Michele Ermidoro

Development of a wireless low-power multi-sensor network for motion tracking applications

This work presents a novel wireless and low power Attitude and Heading Reference Systems network based on low-cost MEMS (Micro Electro-Mechanical System) sensors, developed for motion tracking systems. Biomedical and rehabilitation purposes as well as gaming and consumer electronics may be the potential applications of this network. The paper aims to describe the hardware architecture, the embedded sensor fusion algorithm and the motion tracking system.

On time-optimal anti-sway controller design for bridge cranes

In this paper, we analyze and discuss the time optimal control problem for bridge cranes. Specifically, we employ the geometric approach introduced in [12] to address the control issue without computing the analytic trajectory of the costate. As a second contribution, we show that an alternative approach based on a proportional controller accounting for the limits of the control action can be tuned to resemble to the time-optimal solution, but with simpler and more robust implementation. The above ideas are validated by means of some simulation examples.

Development of an Attitude and Heading Reference System for Motion Tracking Applications

This work presents a novel wireless and low-power platform based on low-cost MEMS (microelectromechanical system) sensors to be used for motion tracking and navigation systems. Biomedical and rehabilitation purposes as well as gaming and consumer electronics may be the potential applications. The paper aims to describe the hardware architecture, the embedded sensor fusion algorithm providing real-time orientation of the platform, and the performance with respect to the state-of-the-art solutions.

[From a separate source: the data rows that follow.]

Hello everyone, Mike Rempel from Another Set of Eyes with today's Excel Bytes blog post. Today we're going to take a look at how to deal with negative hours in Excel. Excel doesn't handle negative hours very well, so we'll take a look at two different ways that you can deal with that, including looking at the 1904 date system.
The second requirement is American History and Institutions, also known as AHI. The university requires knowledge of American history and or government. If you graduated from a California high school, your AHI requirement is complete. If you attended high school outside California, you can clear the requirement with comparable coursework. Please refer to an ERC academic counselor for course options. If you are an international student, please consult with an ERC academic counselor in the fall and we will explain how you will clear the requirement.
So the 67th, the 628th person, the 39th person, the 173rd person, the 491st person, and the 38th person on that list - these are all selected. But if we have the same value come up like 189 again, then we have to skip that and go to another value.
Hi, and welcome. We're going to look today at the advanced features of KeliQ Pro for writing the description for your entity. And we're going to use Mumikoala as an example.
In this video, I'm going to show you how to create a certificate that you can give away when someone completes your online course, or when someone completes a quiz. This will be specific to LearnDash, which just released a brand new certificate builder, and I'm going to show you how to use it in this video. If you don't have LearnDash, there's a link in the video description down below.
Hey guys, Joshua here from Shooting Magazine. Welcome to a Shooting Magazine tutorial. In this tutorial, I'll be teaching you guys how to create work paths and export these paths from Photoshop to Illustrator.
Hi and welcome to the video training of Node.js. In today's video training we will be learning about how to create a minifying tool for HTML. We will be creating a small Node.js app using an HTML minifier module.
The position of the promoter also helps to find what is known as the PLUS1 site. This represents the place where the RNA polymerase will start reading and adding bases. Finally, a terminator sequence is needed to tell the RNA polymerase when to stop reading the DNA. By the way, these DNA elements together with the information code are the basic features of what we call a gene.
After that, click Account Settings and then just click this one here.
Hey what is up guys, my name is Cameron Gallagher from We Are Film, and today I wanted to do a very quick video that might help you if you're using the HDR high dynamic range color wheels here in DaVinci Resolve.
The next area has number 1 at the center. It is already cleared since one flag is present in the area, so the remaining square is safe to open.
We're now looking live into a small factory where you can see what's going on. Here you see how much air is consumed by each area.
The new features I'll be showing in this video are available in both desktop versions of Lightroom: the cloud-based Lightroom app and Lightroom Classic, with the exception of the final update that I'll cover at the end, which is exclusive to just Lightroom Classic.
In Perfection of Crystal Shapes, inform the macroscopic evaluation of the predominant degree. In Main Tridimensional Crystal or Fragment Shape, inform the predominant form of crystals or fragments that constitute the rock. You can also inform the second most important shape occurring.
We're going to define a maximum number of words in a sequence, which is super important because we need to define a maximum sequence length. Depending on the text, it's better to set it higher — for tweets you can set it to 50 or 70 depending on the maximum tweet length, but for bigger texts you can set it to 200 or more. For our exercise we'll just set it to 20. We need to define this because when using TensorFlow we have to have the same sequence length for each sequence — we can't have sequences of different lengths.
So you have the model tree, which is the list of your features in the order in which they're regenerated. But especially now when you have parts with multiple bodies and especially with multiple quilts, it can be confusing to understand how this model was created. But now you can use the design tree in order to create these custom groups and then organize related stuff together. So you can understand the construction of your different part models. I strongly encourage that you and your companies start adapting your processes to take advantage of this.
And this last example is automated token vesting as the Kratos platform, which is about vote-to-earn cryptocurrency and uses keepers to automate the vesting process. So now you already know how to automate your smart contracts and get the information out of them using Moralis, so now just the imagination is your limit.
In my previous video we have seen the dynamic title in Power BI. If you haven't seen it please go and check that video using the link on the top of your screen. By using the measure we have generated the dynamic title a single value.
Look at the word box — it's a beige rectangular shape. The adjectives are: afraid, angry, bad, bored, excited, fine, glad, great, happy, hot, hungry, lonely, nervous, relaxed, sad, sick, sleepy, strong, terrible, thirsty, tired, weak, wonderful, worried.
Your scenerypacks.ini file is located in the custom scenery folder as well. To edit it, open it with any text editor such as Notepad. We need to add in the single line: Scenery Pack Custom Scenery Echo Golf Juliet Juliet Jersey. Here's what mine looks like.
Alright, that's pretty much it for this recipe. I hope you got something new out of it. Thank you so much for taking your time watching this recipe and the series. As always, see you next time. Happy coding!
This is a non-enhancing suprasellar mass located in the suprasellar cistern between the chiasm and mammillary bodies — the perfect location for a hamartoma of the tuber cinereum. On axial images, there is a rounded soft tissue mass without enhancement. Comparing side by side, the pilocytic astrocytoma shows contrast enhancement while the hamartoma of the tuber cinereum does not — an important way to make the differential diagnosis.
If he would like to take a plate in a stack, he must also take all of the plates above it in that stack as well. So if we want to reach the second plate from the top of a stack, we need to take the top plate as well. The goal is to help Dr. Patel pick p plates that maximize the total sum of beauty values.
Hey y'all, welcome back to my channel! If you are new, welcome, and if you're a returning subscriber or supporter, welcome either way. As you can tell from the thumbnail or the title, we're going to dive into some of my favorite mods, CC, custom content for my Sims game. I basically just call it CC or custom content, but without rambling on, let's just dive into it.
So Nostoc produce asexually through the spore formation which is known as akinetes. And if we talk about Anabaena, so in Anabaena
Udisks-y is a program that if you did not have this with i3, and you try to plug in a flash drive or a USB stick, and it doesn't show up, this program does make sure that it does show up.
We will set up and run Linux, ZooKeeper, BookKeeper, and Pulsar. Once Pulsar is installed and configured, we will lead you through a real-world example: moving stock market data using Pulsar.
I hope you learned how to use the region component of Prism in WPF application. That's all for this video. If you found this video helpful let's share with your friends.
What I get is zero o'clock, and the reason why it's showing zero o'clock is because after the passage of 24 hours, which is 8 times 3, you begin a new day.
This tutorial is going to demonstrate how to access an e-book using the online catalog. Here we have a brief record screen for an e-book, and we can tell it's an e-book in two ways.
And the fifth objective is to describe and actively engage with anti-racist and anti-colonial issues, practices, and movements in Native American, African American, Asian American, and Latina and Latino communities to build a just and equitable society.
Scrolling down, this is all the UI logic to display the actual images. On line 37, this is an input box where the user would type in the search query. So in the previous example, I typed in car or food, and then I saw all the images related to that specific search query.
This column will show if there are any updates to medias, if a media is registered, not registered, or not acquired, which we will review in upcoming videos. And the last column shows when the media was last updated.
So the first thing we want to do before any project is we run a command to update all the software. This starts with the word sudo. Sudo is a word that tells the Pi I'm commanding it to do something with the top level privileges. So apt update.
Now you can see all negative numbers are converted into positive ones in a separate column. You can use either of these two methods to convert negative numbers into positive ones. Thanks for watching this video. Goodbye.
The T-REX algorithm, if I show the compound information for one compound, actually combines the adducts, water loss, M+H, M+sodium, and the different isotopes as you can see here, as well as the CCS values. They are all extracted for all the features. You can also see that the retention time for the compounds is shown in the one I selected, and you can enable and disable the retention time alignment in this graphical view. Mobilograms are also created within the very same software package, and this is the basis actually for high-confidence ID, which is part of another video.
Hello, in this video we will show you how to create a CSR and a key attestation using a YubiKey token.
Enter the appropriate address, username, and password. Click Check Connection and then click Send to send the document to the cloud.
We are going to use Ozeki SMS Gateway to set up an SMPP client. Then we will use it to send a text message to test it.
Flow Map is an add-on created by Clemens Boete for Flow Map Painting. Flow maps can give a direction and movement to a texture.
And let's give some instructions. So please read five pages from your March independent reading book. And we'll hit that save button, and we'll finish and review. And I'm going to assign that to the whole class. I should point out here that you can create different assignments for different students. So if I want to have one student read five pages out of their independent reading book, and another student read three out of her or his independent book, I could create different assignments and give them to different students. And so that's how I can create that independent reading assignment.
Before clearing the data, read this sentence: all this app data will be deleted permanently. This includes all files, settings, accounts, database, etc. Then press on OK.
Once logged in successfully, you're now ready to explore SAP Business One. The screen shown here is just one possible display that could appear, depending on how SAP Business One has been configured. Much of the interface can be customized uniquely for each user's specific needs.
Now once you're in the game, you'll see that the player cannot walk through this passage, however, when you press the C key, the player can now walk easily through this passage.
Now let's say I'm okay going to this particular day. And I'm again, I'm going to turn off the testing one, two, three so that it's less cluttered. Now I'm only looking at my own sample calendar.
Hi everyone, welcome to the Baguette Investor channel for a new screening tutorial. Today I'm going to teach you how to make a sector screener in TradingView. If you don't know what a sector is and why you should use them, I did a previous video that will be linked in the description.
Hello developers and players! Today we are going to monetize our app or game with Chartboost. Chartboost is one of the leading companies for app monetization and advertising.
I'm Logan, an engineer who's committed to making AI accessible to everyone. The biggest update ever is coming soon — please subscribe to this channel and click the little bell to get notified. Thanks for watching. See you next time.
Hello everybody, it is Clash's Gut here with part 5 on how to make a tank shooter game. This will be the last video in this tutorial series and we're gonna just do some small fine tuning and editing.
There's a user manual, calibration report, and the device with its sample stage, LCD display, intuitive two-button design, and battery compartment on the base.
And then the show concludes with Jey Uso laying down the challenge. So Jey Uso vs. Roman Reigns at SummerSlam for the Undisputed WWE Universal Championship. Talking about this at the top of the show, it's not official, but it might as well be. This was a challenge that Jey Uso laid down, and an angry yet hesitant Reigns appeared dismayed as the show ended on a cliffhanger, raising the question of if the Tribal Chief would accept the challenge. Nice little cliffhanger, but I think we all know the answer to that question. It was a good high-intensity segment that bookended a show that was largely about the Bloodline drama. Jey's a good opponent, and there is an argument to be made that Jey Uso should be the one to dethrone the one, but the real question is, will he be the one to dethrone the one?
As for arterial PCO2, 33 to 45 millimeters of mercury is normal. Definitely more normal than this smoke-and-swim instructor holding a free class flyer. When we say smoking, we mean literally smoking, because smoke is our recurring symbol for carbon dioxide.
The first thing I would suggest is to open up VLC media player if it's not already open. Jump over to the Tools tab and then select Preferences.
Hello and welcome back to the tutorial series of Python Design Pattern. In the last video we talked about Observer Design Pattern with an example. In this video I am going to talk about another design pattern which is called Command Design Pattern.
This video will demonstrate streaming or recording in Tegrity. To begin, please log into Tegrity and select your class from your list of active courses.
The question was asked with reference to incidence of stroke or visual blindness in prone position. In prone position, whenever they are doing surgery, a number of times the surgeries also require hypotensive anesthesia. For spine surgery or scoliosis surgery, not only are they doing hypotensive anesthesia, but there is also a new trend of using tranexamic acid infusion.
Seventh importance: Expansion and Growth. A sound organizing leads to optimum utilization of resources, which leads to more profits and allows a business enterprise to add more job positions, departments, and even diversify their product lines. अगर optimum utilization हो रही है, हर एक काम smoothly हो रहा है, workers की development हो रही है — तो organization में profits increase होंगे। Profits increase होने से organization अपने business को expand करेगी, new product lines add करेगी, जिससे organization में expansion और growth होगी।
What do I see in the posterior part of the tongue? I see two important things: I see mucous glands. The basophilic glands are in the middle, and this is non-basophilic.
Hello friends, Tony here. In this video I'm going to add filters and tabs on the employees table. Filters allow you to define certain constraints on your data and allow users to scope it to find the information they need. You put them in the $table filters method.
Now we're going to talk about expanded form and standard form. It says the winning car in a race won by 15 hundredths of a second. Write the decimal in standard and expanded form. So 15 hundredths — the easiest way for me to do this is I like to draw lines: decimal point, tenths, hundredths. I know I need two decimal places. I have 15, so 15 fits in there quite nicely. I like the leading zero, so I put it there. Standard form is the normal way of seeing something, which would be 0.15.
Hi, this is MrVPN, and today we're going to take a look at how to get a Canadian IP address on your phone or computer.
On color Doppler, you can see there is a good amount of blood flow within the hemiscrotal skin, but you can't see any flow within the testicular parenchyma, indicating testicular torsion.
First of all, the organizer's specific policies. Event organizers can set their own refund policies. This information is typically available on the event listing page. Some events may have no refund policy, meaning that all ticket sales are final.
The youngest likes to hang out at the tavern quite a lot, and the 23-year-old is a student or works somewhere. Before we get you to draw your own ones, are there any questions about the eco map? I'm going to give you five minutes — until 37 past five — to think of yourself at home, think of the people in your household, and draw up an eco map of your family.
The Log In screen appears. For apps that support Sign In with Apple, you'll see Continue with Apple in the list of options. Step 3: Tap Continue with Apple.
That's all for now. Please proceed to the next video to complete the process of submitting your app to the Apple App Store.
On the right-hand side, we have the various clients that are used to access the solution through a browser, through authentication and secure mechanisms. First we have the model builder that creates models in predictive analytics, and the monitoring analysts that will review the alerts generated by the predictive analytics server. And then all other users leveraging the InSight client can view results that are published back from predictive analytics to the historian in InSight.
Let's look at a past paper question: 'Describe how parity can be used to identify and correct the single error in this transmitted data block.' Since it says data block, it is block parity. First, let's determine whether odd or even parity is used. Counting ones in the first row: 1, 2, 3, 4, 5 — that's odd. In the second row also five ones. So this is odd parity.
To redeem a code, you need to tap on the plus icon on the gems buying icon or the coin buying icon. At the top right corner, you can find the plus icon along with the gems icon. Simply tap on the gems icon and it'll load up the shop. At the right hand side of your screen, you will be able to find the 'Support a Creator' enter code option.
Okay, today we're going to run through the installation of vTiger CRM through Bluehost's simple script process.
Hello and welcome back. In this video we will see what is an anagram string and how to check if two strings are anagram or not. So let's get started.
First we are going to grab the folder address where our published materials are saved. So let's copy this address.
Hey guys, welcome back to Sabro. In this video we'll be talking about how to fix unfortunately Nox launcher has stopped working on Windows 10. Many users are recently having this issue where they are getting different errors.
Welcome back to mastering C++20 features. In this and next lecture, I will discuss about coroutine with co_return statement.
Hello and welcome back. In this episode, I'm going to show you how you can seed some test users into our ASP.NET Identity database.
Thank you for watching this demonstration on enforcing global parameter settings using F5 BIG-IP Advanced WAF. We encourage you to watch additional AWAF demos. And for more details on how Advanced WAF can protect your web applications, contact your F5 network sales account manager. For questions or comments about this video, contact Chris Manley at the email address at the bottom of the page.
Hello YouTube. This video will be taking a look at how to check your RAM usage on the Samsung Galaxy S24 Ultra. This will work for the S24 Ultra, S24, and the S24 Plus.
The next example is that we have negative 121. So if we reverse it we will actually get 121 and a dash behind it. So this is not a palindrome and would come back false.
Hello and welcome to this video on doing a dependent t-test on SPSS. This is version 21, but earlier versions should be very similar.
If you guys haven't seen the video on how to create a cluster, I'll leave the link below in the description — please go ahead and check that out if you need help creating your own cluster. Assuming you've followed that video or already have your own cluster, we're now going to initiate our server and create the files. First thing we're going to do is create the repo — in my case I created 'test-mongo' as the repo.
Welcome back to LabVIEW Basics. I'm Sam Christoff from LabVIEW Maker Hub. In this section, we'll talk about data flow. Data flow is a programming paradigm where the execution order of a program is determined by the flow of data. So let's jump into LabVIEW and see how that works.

Anti-sway fixed-order control of bridge cranes with varying rope length

In this paper, a gain-scheduling control law is proposed to attenuate the oscillations in overhead cranes induced by manual operations, for different values of the rope length. To take into account the practical limits in controller implementation, a fixed-order controller is tuned, by enforcing certain robustness and performance constraints. The proposed strategy is experimentally tested on a real bridge crane and compared to a time-invariant solution.

Load swing reduction in manually operated bridge cranes

In this paper, a procedure for control system design of an anti-sway system for manually operated bridge cranes is presented. Specifically, the human operator acts by means of a push-button panel to operate the crane and thus is considered as a disturbance to the closed loop control system that regulates to zero the angle of the load cable with respect to the vertical axis. Closed loop control has been made possible by the use of an inertial sensor and an Extended Kalman Filter which provides accurate angle estimation. An accurate multi-body model has been realized using the Automatic Dynamic Analysis of Mechanical System (ADAMS) environment. The model parameters have been tuned by system identification based on real measurements. Finally, the model is used to design a Sliding Mode Controller to suppress the load swing angle.

A condition assessment algorithm based on dynamic time warping for high-voltage circuit breaker

The paper presents an innovative algorithm for the analysis of the residual life of an high-voltage circuit breaker. This algorithm relies on the measurements of the accelerometer and on the Dynamic Time Warping algorithm (DTW). The DTW is used to analyze the spectrogram of the acceleration measured, permitting an analysis both in time and frequency. The indexes created are then compared to the values registered during the initial phase, firing an alarm or a simple warning depending on the deviation. The algorithm is tested on two different circuit breaker, showing its effectiveness in predicting failures.